Recent attention has focused on the work of Cameron Blevins, the Center's 2014-15 Thomas D. Dee II graduate dissertation fellow. As part of his study of the United States' western expansion, Cameron worked with the historian and digital humanities technologist Jason Heppler to build an interactive data visualization exploring the growth of the nation's postal system in the 19th century. The Stanford News Service has an article profiling Cameron and his work:
A doctoral candidate who studies U.S. history and digital humanities, Blevins has developed Geography of the Post, an interactive digital platform that visualizes where and when post offices opened and closed. The locations act as proxies for communities, Blevins explained, and indicate which settlements were temporary and which evolved into long-lasting towns. (Stanford News Service)
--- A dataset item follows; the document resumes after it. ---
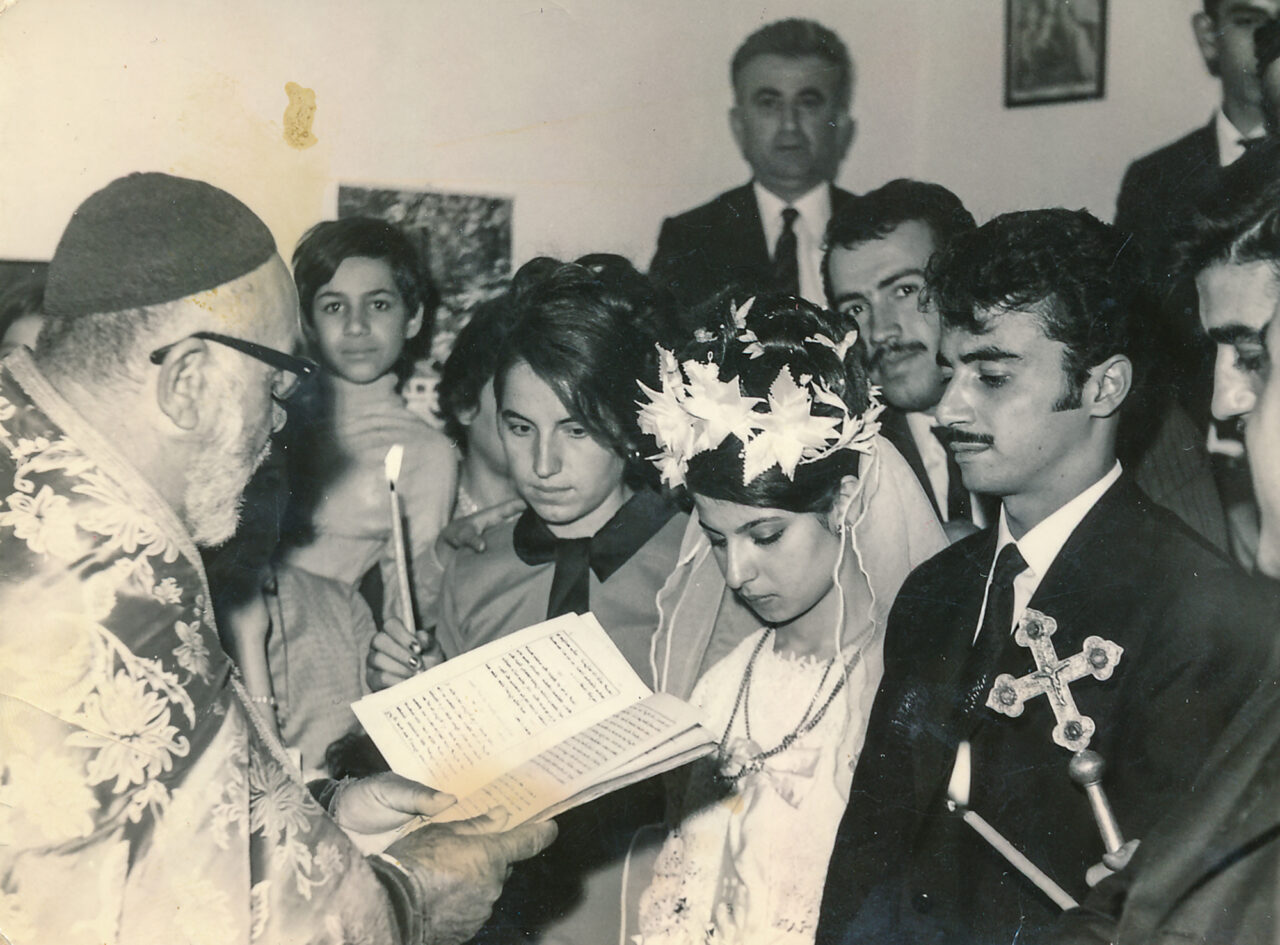 Ji merasîma zewaca jin û mêrekî ermenî li Dêra Surp Giragosê. (Arşîva Mehmet Şimşek)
The digital narratives blog Storybench, a collaboration between Northeastern University and Esquire Magazine, also took note of Cameron's work:
From sourcing to analyzing to visualizing 19th century post office data, Blevins is at the forefront of digital humanities, a burgeoning field that applies the latest technologies to study the past. For his project, Blevins employed many of the same digital tools being used across disciplines like journalism and design to tell stories with data. He gave Storybench an under-the-hood look at his dissertation, “Geography of the Post.” (Storybench.org)
The Center's Thomas D. Dee II Graduate Fellowship offers one year of support for a student in the School of Humanities & Sciences conducting dissertation research on the North American West. Cameron will begin a postdoctoral fellowship in history this year at Rutgers University.